Février 2009 | par Case IH

On évalue les carburants en fonction de l'énergie disponible, c'est-à-dire la puissance que l'on peut obtenir avec un moteur diesel. Entre du diesel de source pétrolière et du biocarburant, la perte de puissance est de 10 à 12 %.
D'autre part, au froid, tous les carburants ont tendance à épaissir et même à faire du givre. Le problème avec l'huile végétale est que le point où la « cristallisation » commence est de 6 °C. Il peut donc y avoir des problèmes dès l'automne.
On doit aussi considérer la viscosité d'un carburant. Dans le cas du diesel, elle est de 3,5. Avec son taux de 46,7, l'huile végétale est 13 fois plus visqueuse. Plus un carburant est visqueux, plus l'injection et la combustion seront difficiles.
Technologie des moteurs
Pour mieux brûler les carburants et moins polluer, il faut des moteurs plus efficaces. C'est ce qui a amené les fabricants à augmenter la pression dans le moteur. Ils ont aussi modifié les « trous » des injecteurs. D'un seul trou d'entrée du carburant de 32 mm, on est passé à un ou plusieurs trous de 10 mm. Les gouttelettes de carburant sont plus petites et s'enflamment plus facilement. On a donc besoin de moins de carburant pour produire la même puissance.

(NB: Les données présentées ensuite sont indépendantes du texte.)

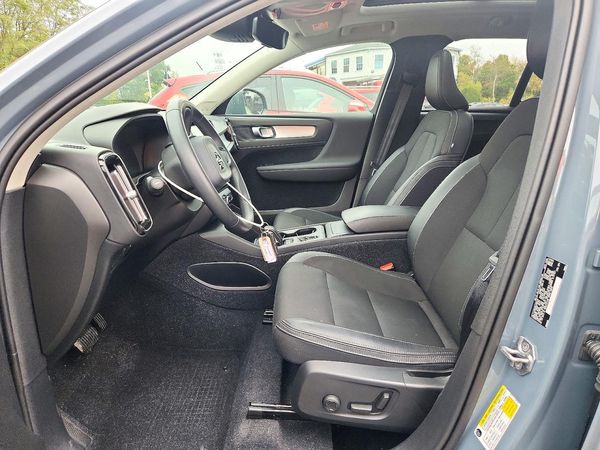 2020 VOLVO XC40 Momentum — DENT
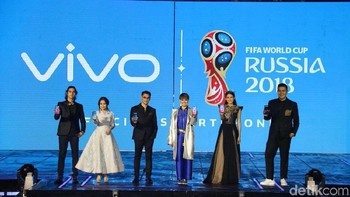 Menangkap kesempurnaan Borobudur dengan 6.3 FHD+ FullView Display. Inilah Vivo V9 & Perfect Selfie Icon Vivo Indonesia @PrillyBie @maudyayunda @agnezmo @afgansyah_reza @AlKohler7 @tulusm #VivoV9 #VivoV9GrandLaunch. Foto: Peluncuran Vivo V9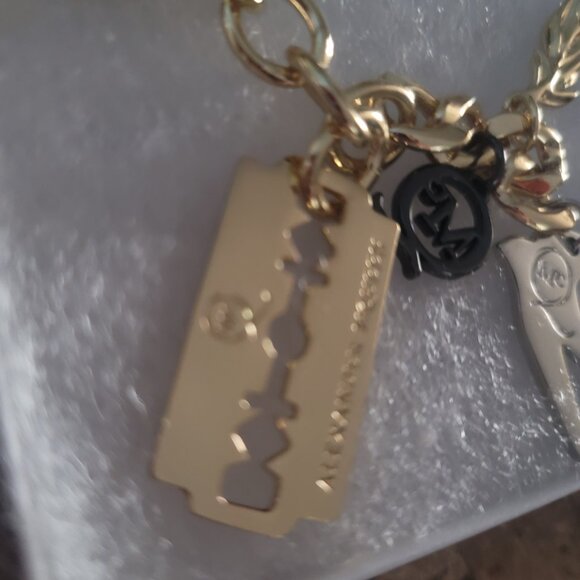 ALEXANDER MCQUEEN Keychain. Brand New. Gift Box included. - Picture 5 of 16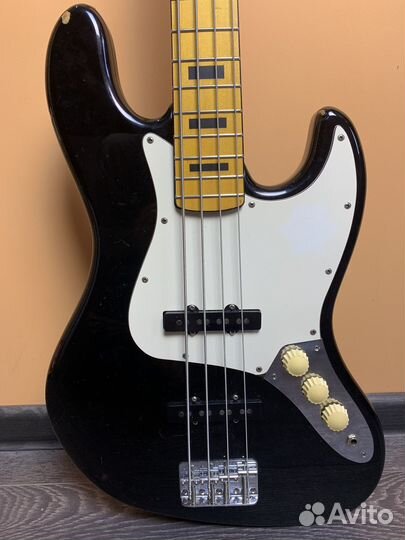 Бас гитара jazz bass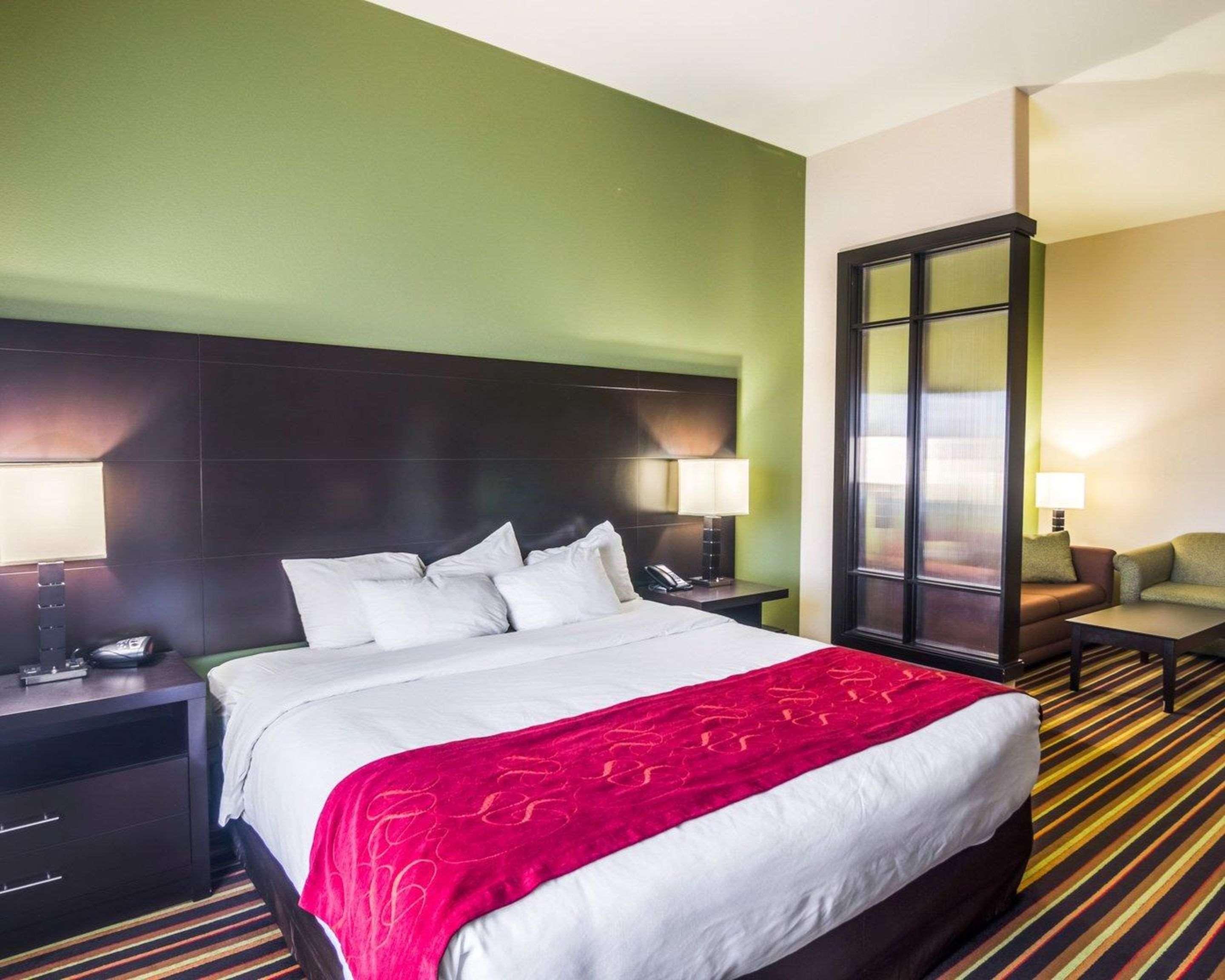 Comfort Suites Amarillo Bagian luar foto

Avec les nouvelles générations de moteurs, la mécanique se sophistique. On a par exemple des turbocompresseurs à géométrie variable. Ceux-ci régularisent l'admission d'air et permettent aux moteurs, même à bas régime, de donner la même puissance.
Des mélanges
Le biodiesel, c'est de l'huile végétale transformée, de laquelle on a enlevé la glycérine. Les propriétés du biodiesel ressemblent à celles du diesel conventionnel. Toutefois, certains éléments rendent difficile le remplacement complet du produit pétrolier par le biodiesel.
C'est pourquoi on fait des mélanges. B-20 veut dire que le mélange contient 20 % de biodiesel, B-80, qu'il en contient 80 %. Les moteurs répondant aux normes TIER 2 peuvent tous accepter un mélange B-20 sans compromettre les garanties. Cependant, pour les moteurs TIER 3, il faut vérifier avec le fabricant.

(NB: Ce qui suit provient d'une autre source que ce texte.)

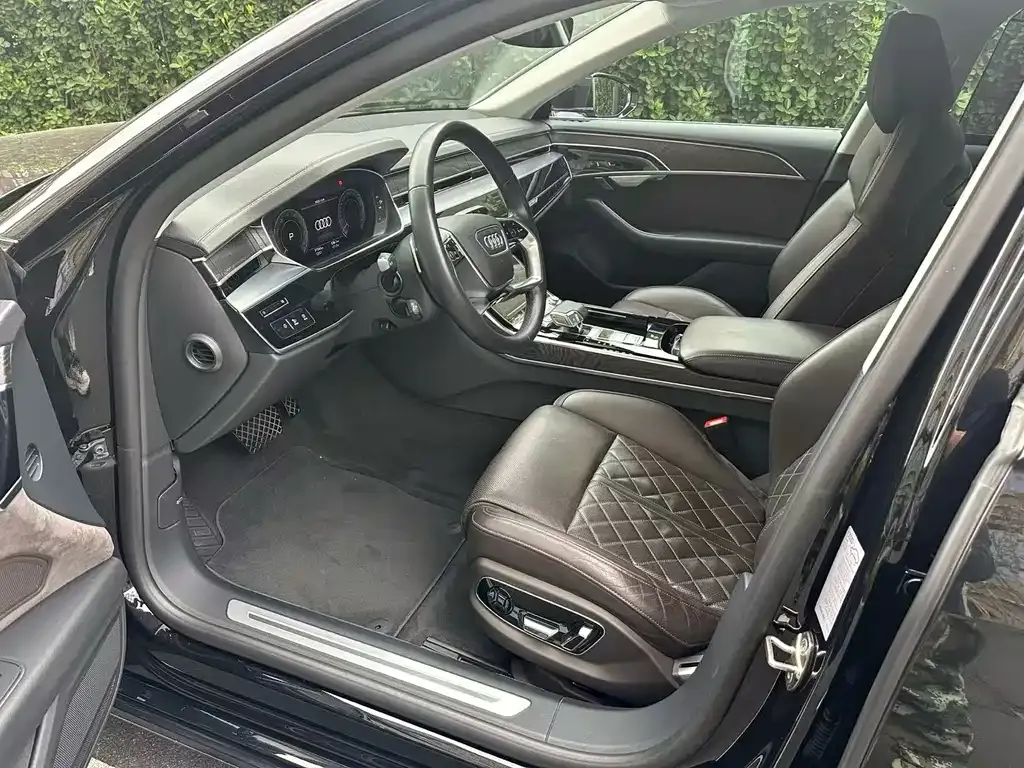 Audi A8 2021 из CN, фото 4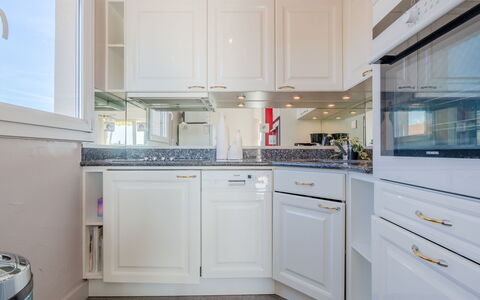 Sainte Maxime 399: Cabinetry, Propriété, Comptoir, Appareil De Cuisine, Cuisine, Électroménager, Bâtiment, Cuisinière, Bois, Design Intérieur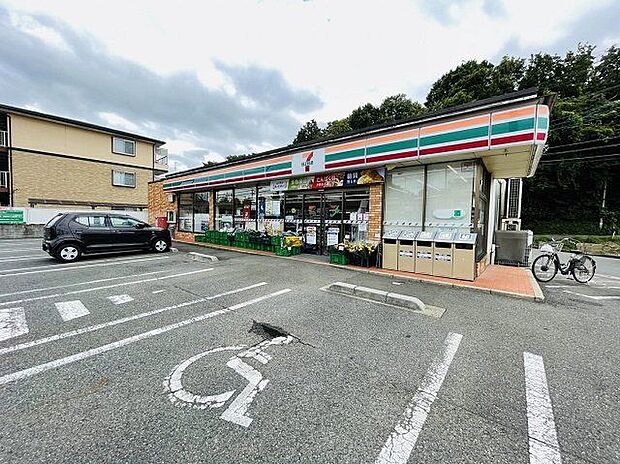 セブンイレブン佐倉下志津店 徒歩12分。 930m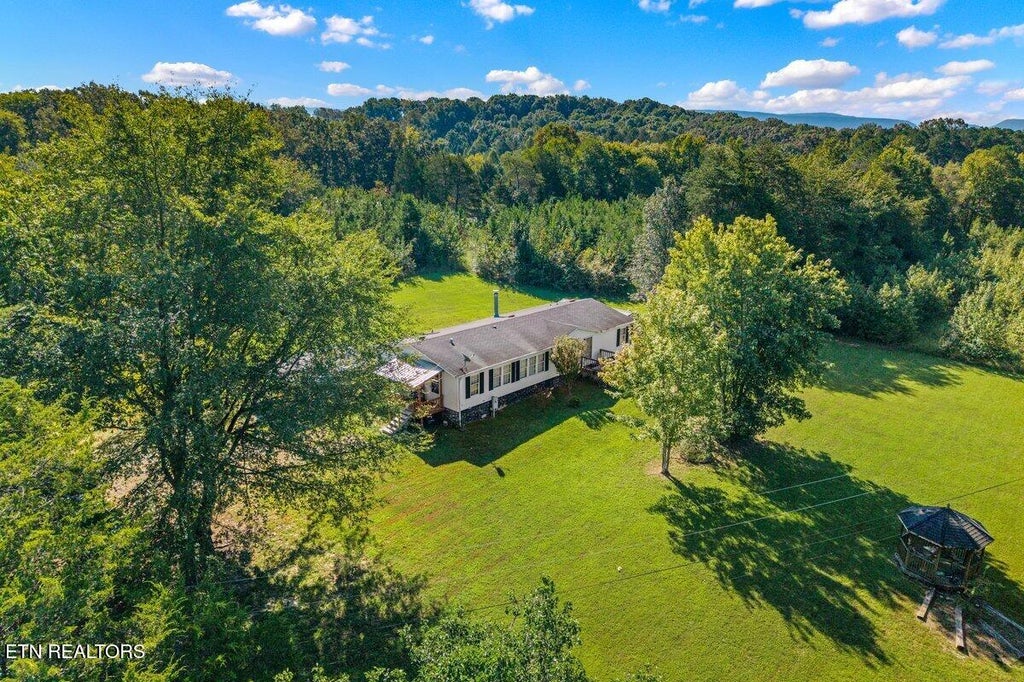 Photo of 141 County Road 623, Etowah, TN 37331 (MLS # 1355326)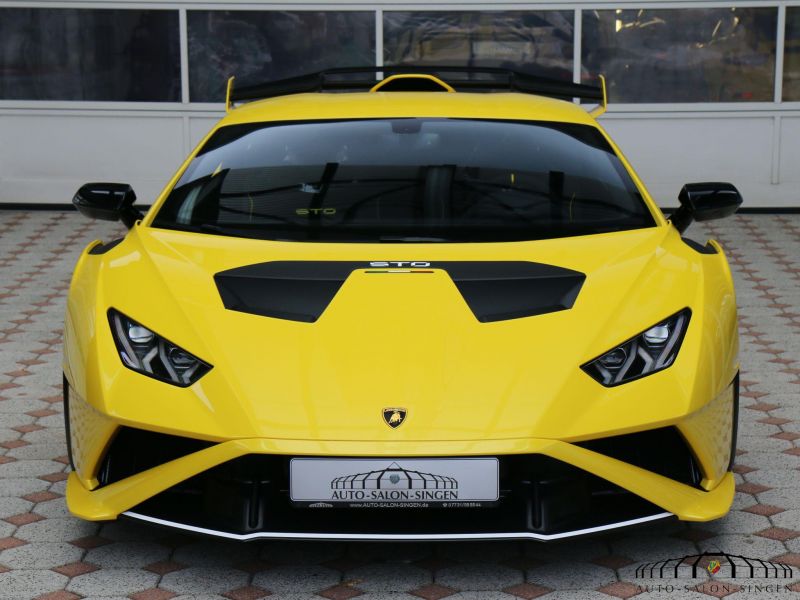 Lamborghini Huracán STO Coupe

On peut trouver des avantages à l'ajout de biodiesel dans le carburant. Souvent, le diesel pétrolier ne donne pas suffisamment de lubrification aux systèmes d'injection. Le mélange avec du biodiesel corrige la situation. Également, dans la plupart des cas, on améliore la combustion.

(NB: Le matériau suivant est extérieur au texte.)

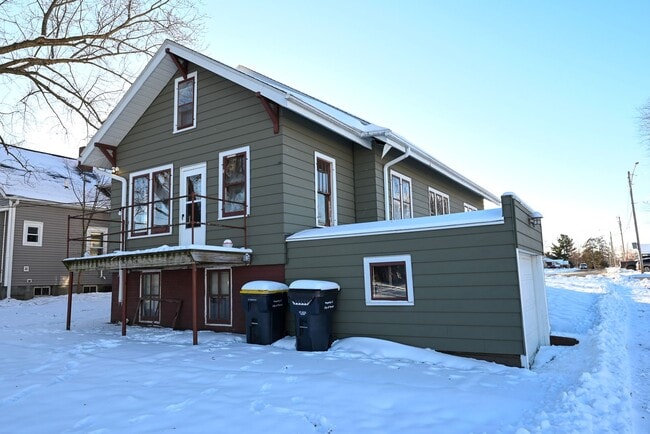 Building Photo - 1802-1806 Superior Ave - Duplex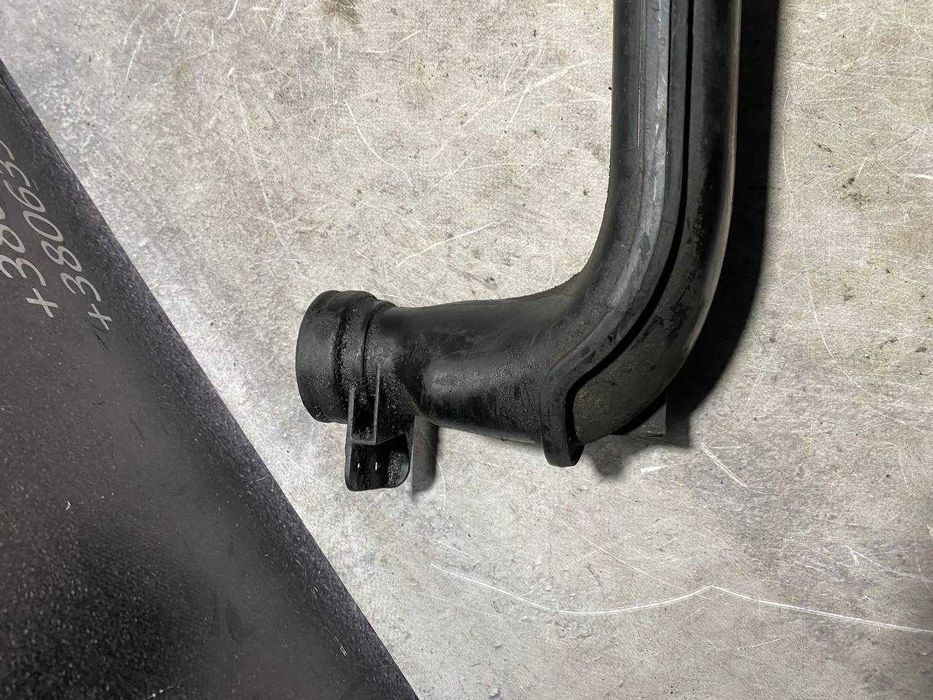 Патрубок інтеркулера впускний Peugeot 307 2.0 HDi  9642060680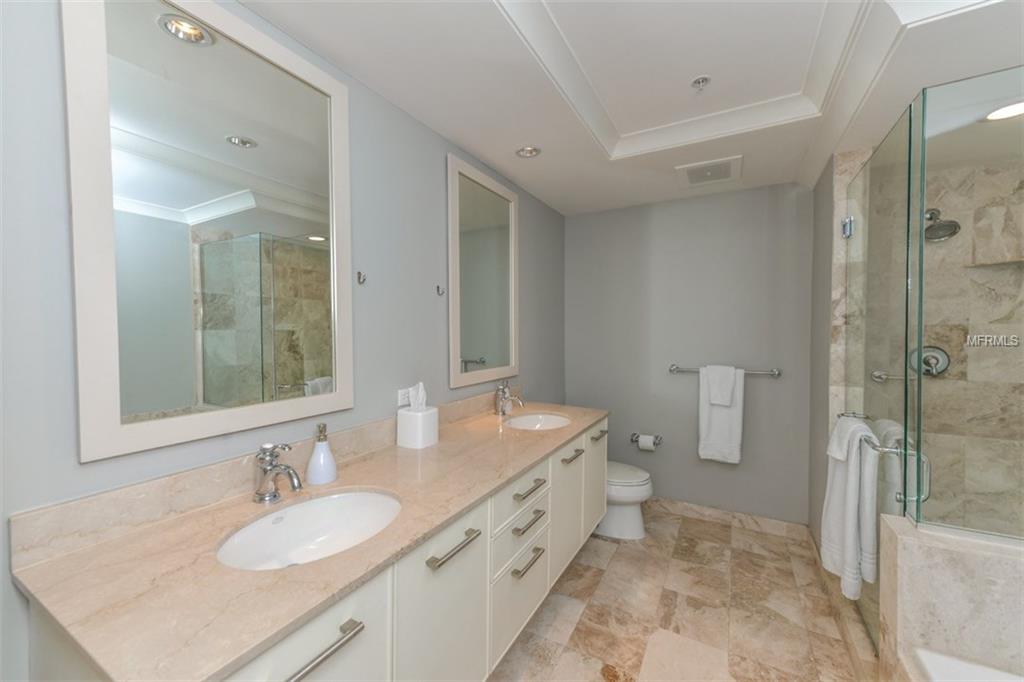 1350 MAIN STREET, SARASOTA, Florida 34236, 2 Bedrooms Bedrooms, 5 Rooms Rooms,2 BathroomsBathrooms,Residential,For sale,MAIN,A4206678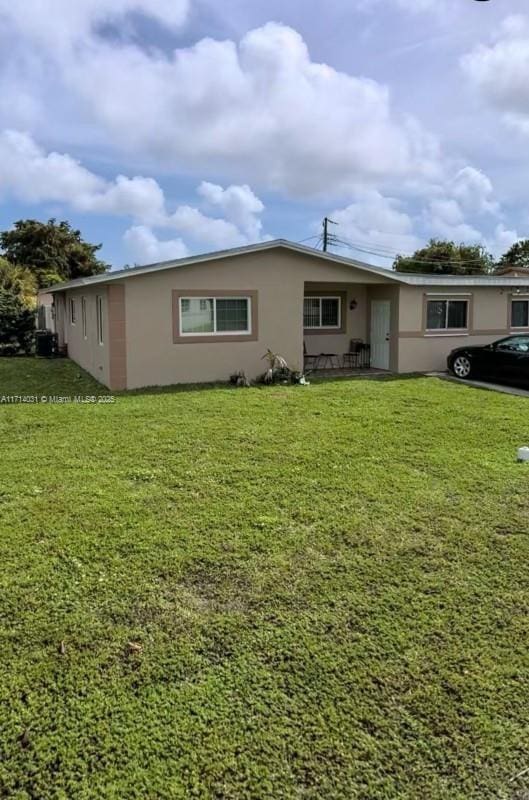 600 SW 28th Way, Fort Lauderdale, FL 33312 - photo 1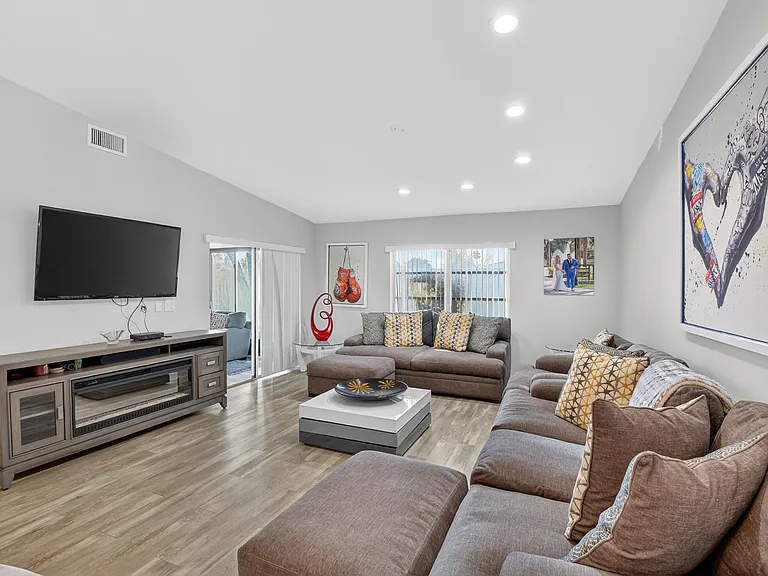 8256 Summerbreeze Ln — Photo 9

Il y a par contre quelques précautions à prendre. On doit porter une attention spéciale à l'entreposage. Il faut un réservoir neuf. Il ne faut pas conserver le biocarburant plus de quatre mois. Au-delà, le risque d'accumulation d'eau est trop élevé.
Huiles végétales... précisions
En ce qui concerne les huiles végétales brutes, non transformées, il est possible d'en utiliser, surtout dans les vieux moteurs. Cependant, il y a plusieurs risques et inconvénients à les utiliser dans les moteurs plus récents.
L'huile végétale brute est 13 fois plus visqueuse que le diesel, donc plus dure pour la mécanique. Elle forme plus de carbone dans les segments et les soupapes. Ceci peut contaminer l'huile à lubrification.
Il est aussi possible que des joints de caoutchouc soient affectés. Dans ce cas, l'atomisation, c'est-à-dire la pulvérisation en gouttelettes à l'injection, sera plus difficile, rendant les moteurs moins performants. Donc, il vaut souvent mieux utiliser du biodiesel, ou huile végétale transformée, plutôt que de l'huile végétale brute.
Bref, il y a des avantages à utiliser du biodiesel en mélange avec du diesel pétrolier.